[EXERCISE] Restate word for word the lines of the records below, starting at the line that contains "MESA POTENCIALIZA P/SALA" and ending at the line that contains "jumpsuit II / denim", with both of those lines included and nothing else.

[ENTRIES PROVIDED]
»»

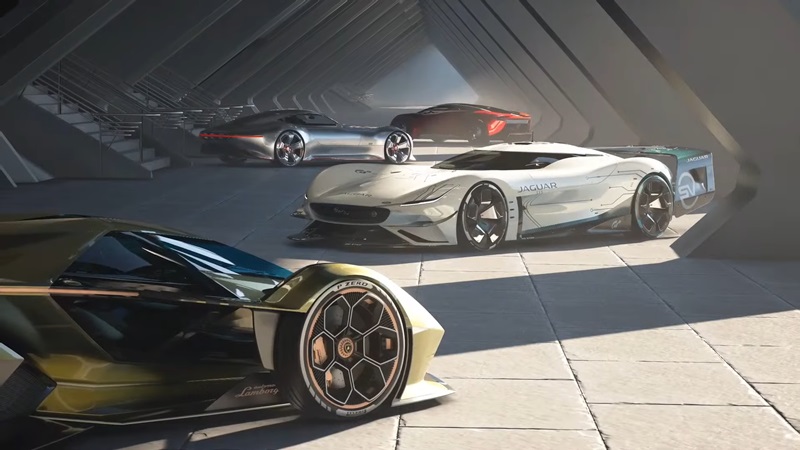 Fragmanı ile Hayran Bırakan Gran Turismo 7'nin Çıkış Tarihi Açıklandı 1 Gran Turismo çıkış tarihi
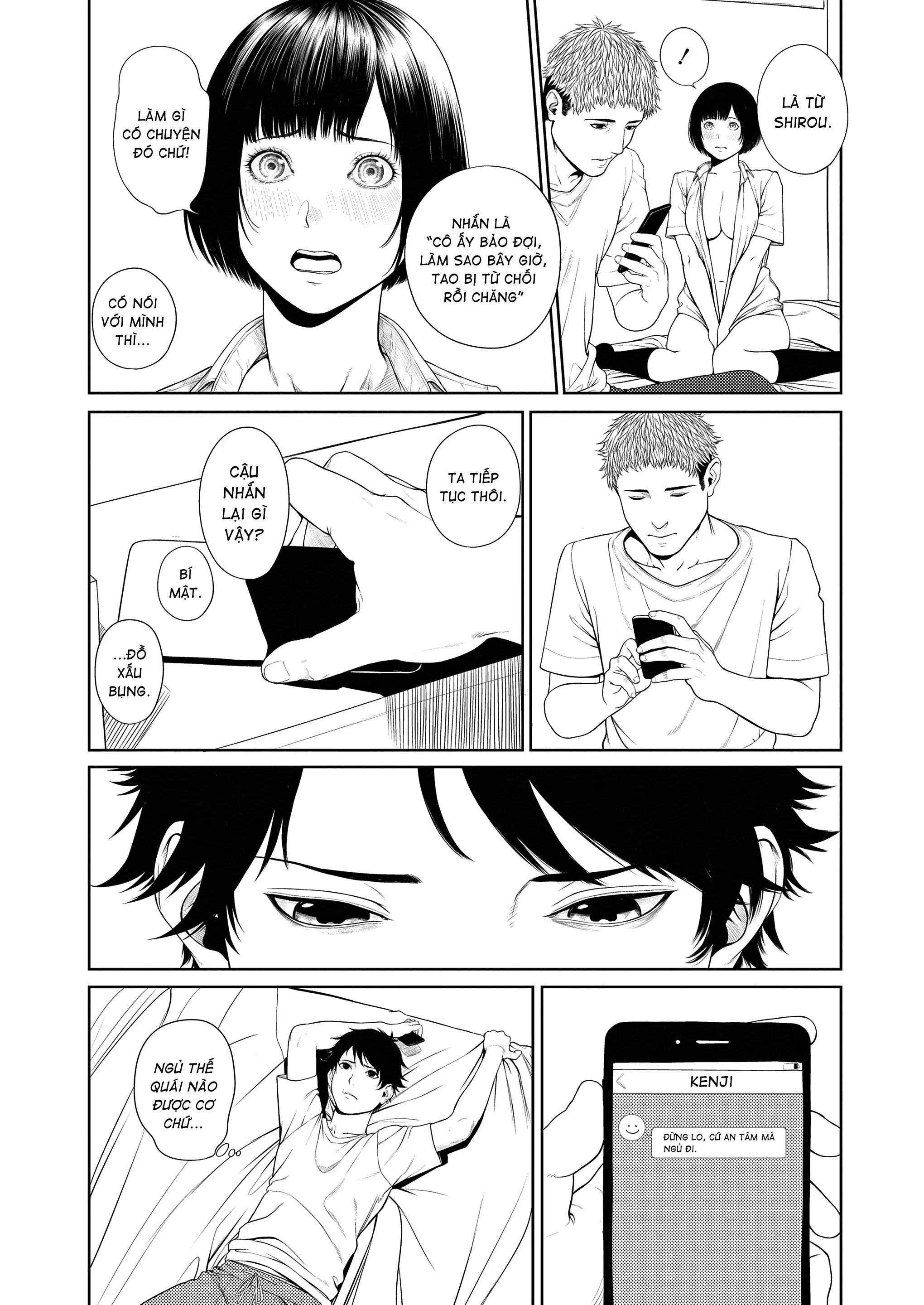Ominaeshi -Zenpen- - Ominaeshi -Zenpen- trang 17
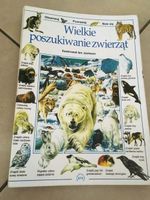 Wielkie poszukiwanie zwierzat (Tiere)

««
»»

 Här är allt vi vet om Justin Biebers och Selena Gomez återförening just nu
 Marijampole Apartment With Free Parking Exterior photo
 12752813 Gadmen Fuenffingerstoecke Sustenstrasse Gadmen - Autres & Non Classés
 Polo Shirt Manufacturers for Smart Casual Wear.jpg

««
»»

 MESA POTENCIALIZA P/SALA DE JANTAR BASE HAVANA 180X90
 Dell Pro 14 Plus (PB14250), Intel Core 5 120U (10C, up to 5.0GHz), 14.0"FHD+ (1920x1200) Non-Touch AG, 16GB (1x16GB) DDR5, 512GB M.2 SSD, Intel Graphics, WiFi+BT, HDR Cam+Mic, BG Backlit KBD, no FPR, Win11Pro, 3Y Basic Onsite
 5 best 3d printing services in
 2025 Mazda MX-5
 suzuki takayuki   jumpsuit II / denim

««

[ANSWER FOR THIS EXERCISE]
 MESA POTENCIALIZA P/SALA DE JANTAR BASE HAVANA 180X90
 Dell Pro 14 Plus (PB14250), Intel Core 5 120U (10C, up to 5.0GHz), 14.0"FHD+ (1920x1200) Non-Touch AG, 16GB (1x16GB) DDR5, 512GB M.2 SSD, Intel Graphics, WiFi+BT, HDR Cam+Mic, BG Backlit KBD, no FPR, Win11Pro, 3Y Basic Onsite
 5 best 3d printing services in
 2025 Mazda MX-5
 suzuki takayuki   jumpsuit II / denim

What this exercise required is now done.